___ Given data

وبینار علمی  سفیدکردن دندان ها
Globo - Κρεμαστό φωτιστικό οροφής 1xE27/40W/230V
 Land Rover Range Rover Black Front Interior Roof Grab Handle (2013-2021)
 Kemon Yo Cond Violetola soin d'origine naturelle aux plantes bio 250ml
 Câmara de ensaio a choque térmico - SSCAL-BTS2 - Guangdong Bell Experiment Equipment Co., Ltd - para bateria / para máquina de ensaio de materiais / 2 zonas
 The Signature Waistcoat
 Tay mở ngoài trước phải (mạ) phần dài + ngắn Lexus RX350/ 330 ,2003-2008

______

## Your objective
Reproduce each line above without any alteration.

## Written reply
وبینار علمی  سفیدکردن دندان ها
Globo - Κρεμαστό φωτιστικό οροφής 1xE27/40W/230V
 Land Rover Range Rover Black Front Interior Roof Grab Handle (2013-2021)
 Kemon Yo Cond Violetola soin d'origine naturelle aux plantes bio 250ml
 Câmara de ensaio a choque térmico - SSCAL-BTS2 - Guangdong Bell Experiment Equipment Co., Ltd - para bateria / para máquina de ensaio de materiais / 2 zonas
 The Signature Waistcoat
 Tay mở ngoài trước phải (mạ) phần dài + ngắn Lexus RX350/ 330 ,2003-2008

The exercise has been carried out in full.